BEGIN MATERIAL FOR THIS TASK

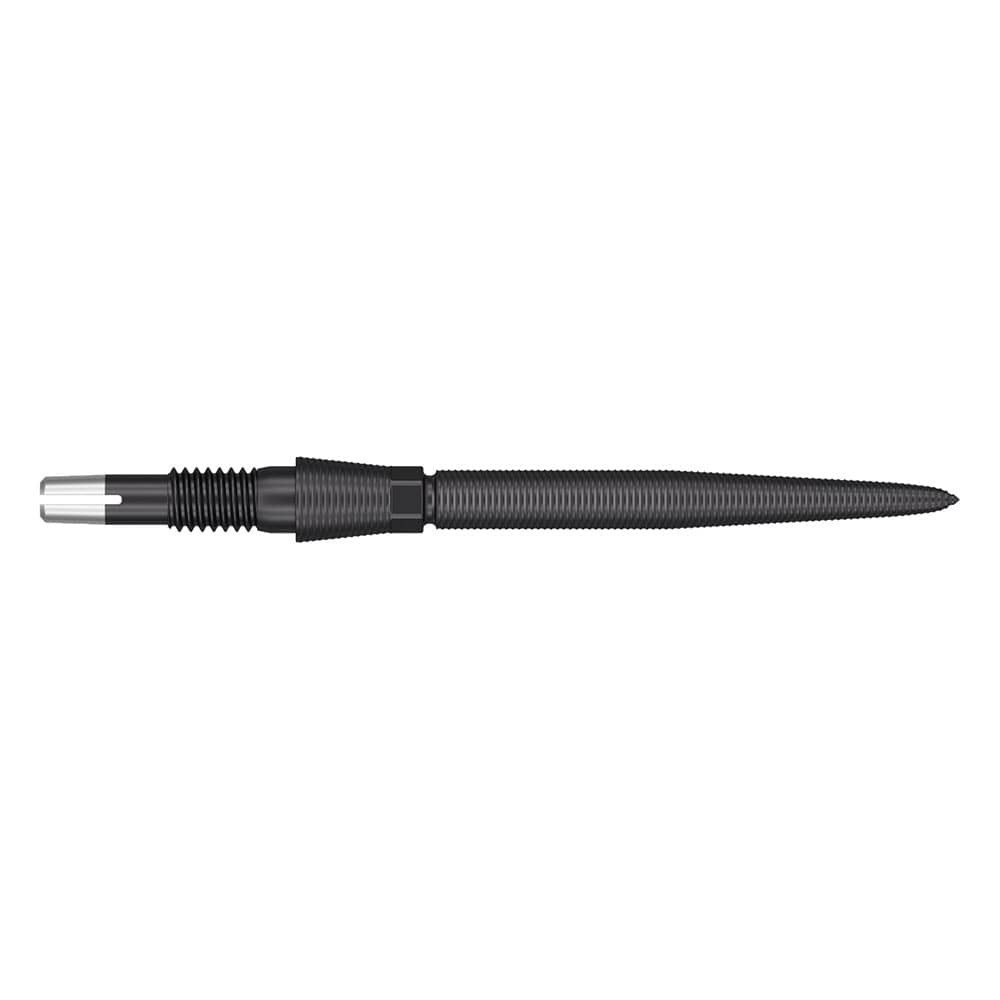 Masquedardos Pontos de conversão Target Darts Suíça Storm Nano Black Point 26mm 340083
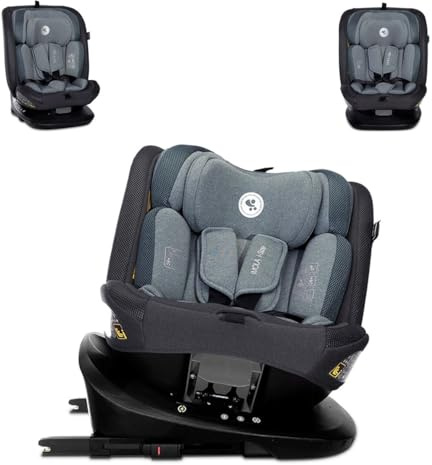 Lorelli Kindersitz Imola i-Size 40-150 cm Isofix 360 Grad Drehung Top Tether grün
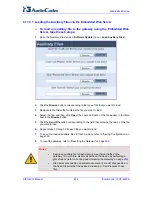 Предварительный просмотр 234 страницы AudioCodes Mediapack mp-11x User Manual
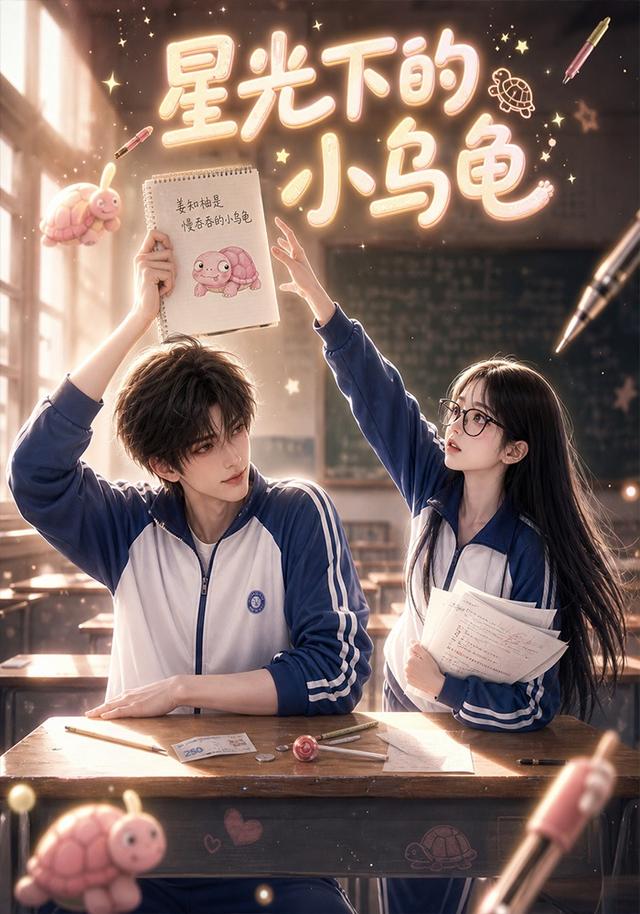 星光下的小乌龟封面图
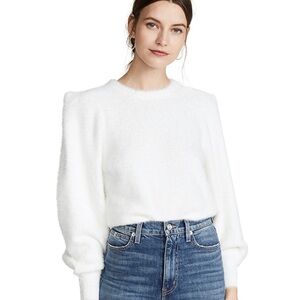 Ronny Kobo Carina Puff Sleeve Sweater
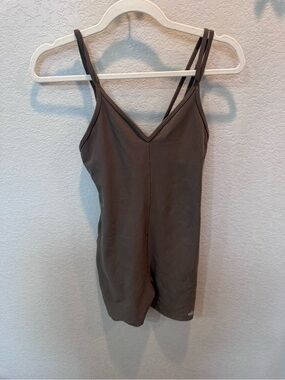 Alo Suns Out Onesie Olive Green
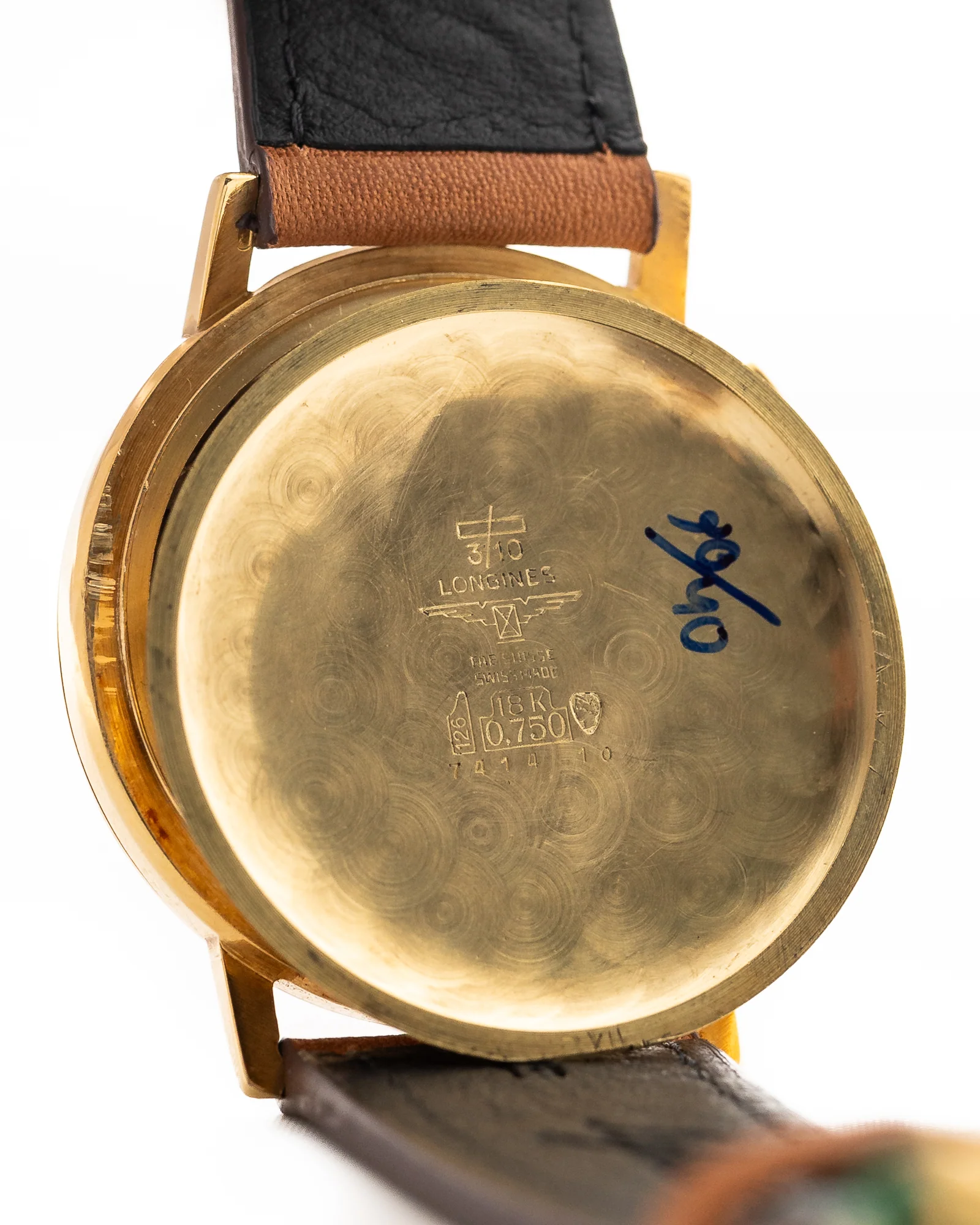 Longines 7414 Cal. 30CH Chronograph 1967 - Image 22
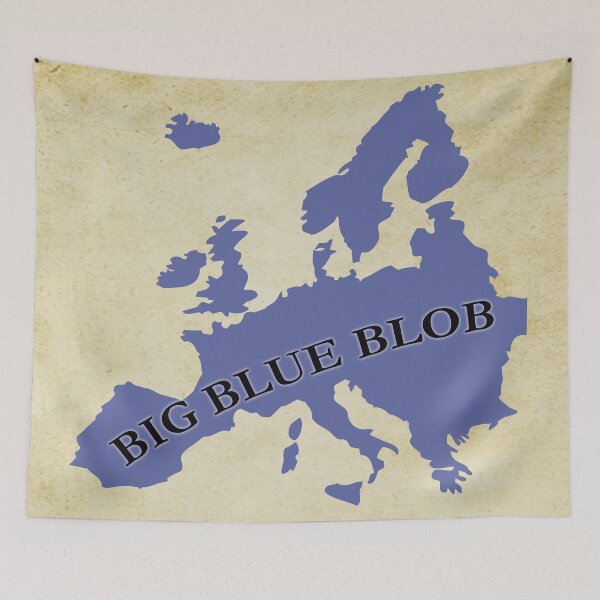 Item preview, France as the Big blue blob Europe - Europa Universalis IV  designed and sold by Vela Barrera.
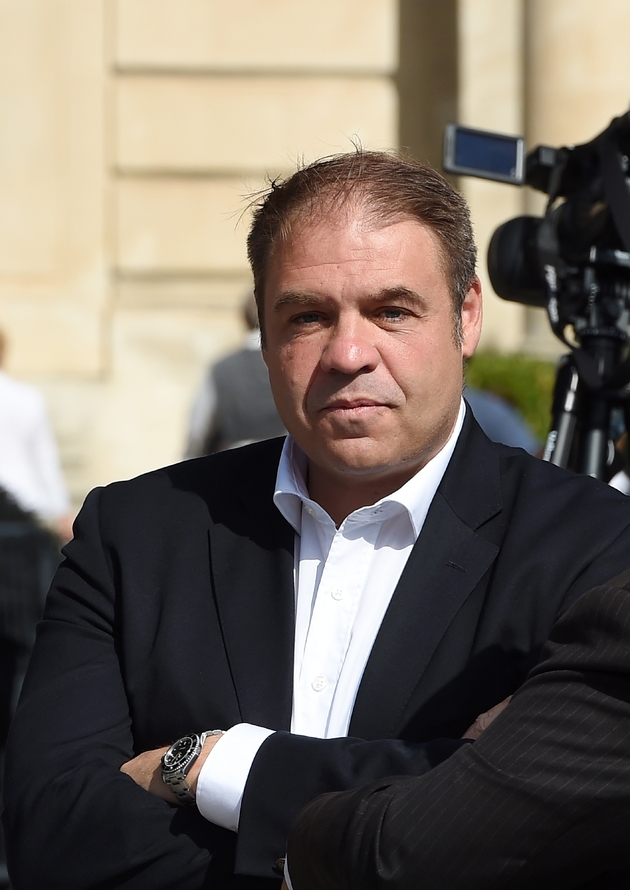 Axel Loustau à Marseille le 6 septembre 2015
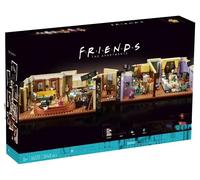 Classic TV series, American drama, coffee shop, creative architecture, apartment, street view, DIY bricks, old friends, party ca NOBOX Wood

END MATERIAL FOR THIS TASK

■ THE PROBLEM ■
Output an exact copy of the lines from the one with "Lorelli Kindersitz Imola" through the closing line of the records, inclusive, without any images.

■ RESPONSE AREA ■
 Lorelli Kindersitz Imola i-Size 40-150 cm Isofix 360 Grad Drehung Top Tether grün
 Предварительный просмотр 234 страницы AudioCodes Mediapack mp-11x User Manual
 星光下的小乌龟封面图
 Ronny Kobo Carina Puff Sleeve Sweater
 Alo Suns Out Onesie Olive Green
 Longines 7414 Cal. 30CH Chronograph 1967 - Image 22
 Item preview, France as the Big blue blob Europe - Europa Universalis IV  designed and sold by Vela Barrera.
 Axel Loustau à Marseille le 6 septembre 2015
 Classic TV series, American drama, coffee shop, creative architecture, apartment, street view, DIY bricks, old friends, party ca NOBOX Wood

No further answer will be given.